◆ RECORDS:
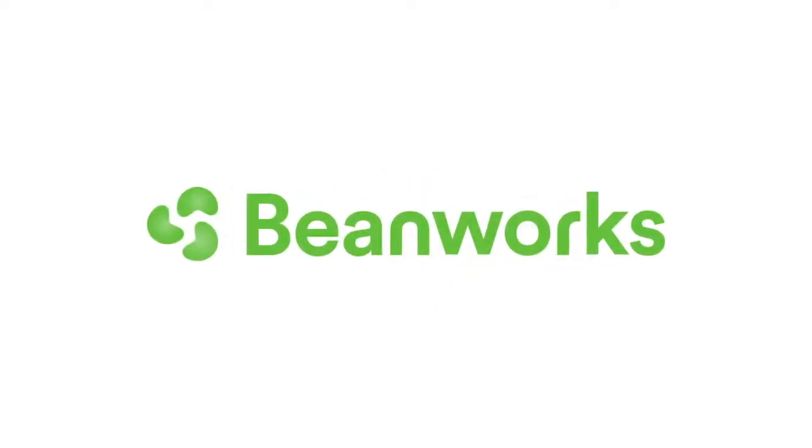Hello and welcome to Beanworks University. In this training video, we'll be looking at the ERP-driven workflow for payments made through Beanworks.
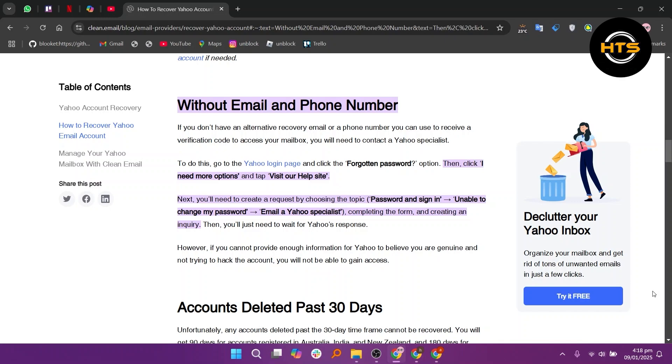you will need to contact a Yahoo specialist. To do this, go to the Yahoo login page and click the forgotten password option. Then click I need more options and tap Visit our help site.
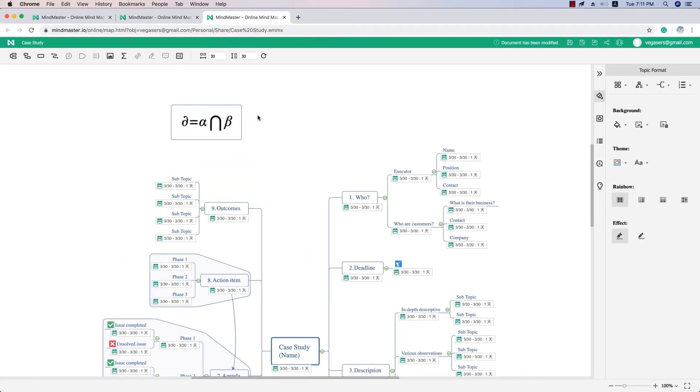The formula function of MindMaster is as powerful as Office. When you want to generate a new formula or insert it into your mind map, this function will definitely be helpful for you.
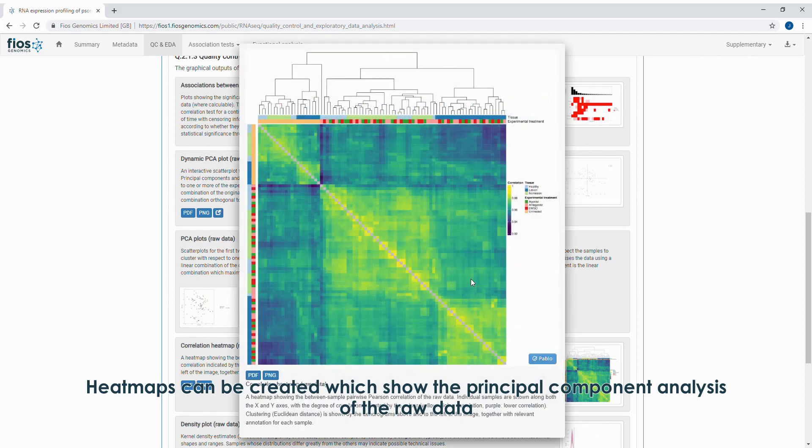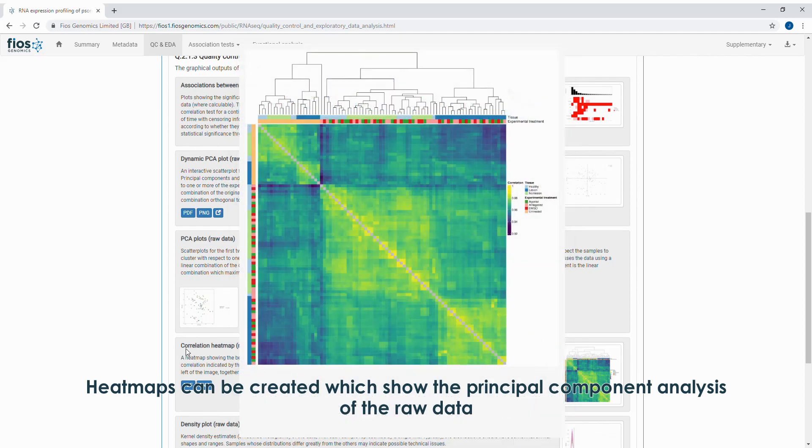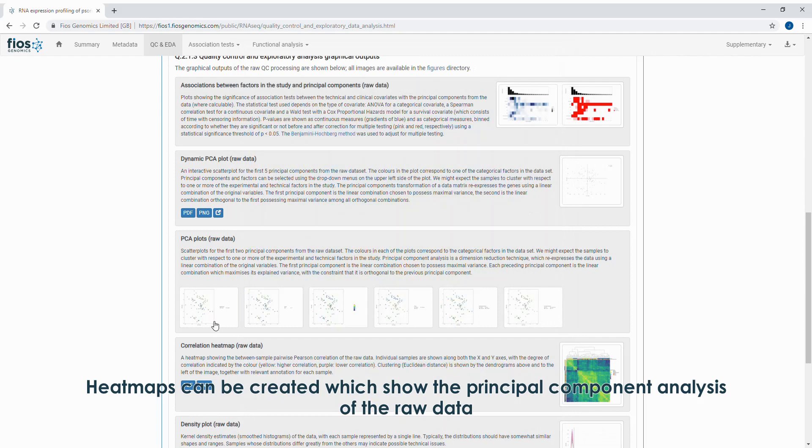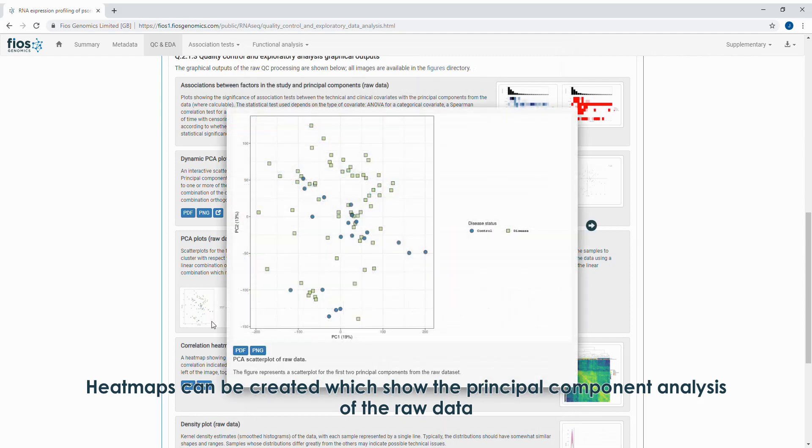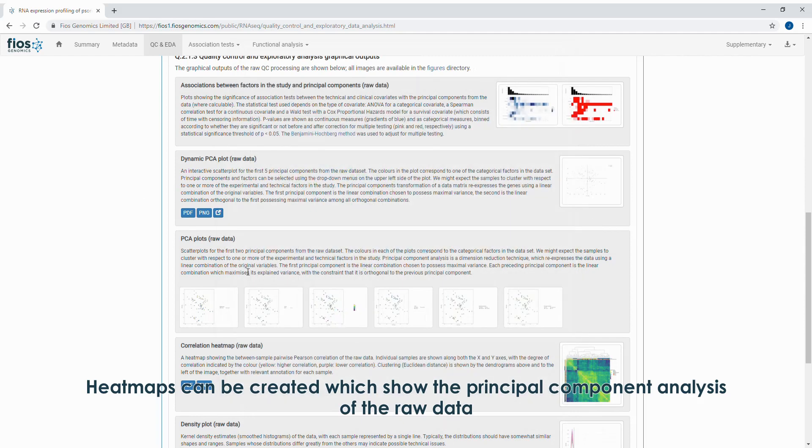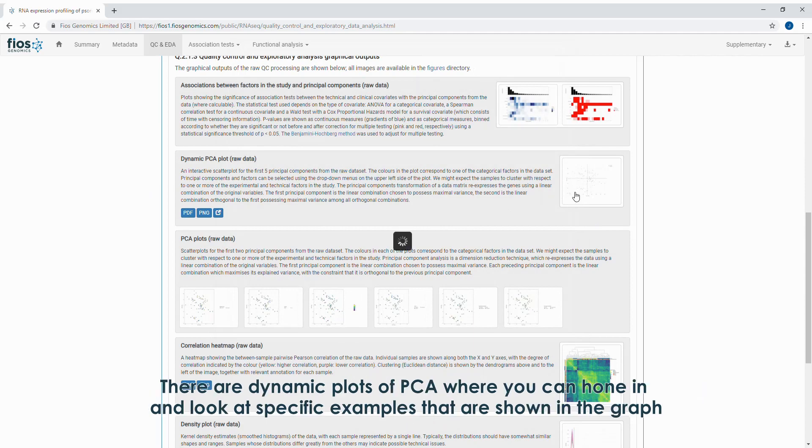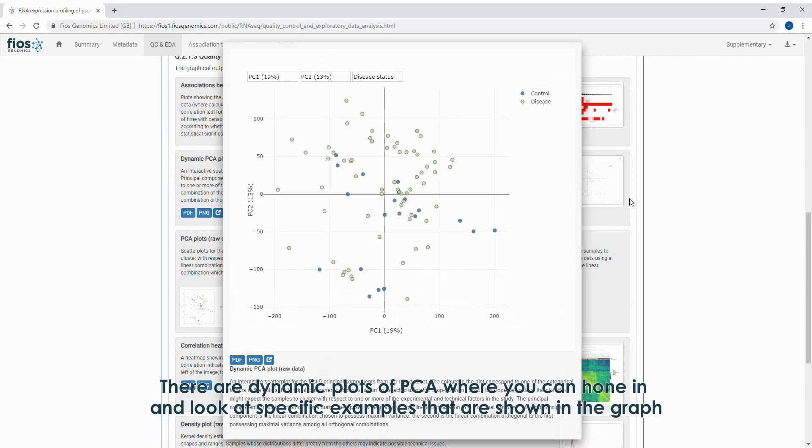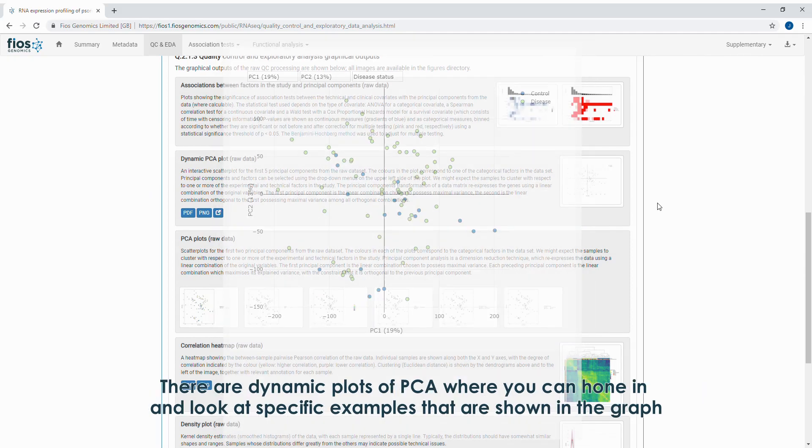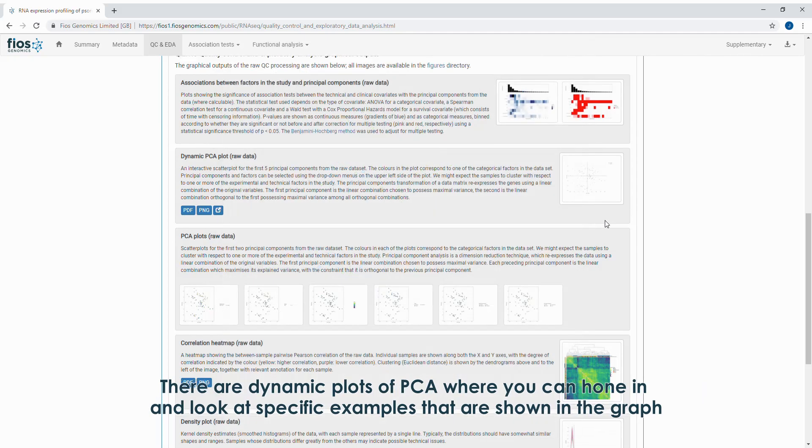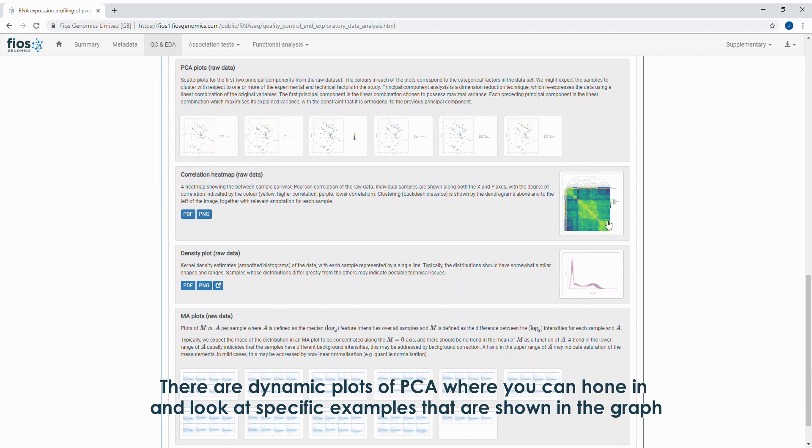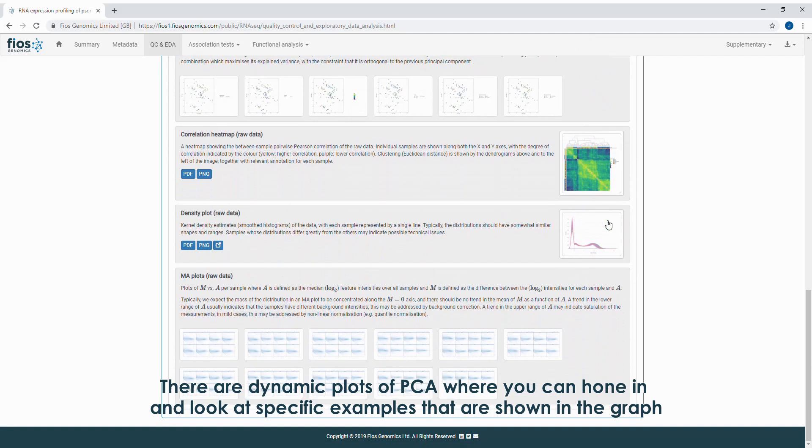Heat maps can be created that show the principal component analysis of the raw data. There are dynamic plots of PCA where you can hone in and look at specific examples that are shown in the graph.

...

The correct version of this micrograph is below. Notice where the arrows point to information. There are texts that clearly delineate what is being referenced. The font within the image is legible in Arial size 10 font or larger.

---

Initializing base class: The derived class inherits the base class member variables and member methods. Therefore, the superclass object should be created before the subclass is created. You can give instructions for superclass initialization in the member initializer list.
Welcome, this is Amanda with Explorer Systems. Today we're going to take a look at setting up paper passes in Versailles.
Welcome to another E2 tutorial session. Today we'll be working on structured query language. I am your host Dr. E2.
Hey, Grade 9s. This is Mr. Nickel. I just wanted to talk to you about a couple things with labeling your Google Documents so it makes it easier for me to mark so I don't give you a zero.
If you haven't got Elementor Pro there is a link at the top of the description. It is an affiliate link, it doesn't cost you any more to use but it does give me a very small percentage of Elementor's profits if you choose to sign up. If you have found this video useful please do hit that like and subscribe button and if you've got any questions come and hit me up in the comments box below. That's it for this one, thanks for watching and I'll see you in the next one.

◆ EXERCISE DIRECTIONS:
Output exactly the lines of the material above from the one containing "Welcome to another" up to and including the one containing "Hey, Grade 9s.".

◆ RESULT FOR THIS EXERCISE:
Welcome to another E2 tutorial session. Today we'll be working on structured query language. I am your host Dr. E2.
Hey, Grade 9s. This is Mr. Nickel. I just wanted to talk to you about a couple things with labeling your Google Documents so it makes it easier for me to mark so I don't give you a zero.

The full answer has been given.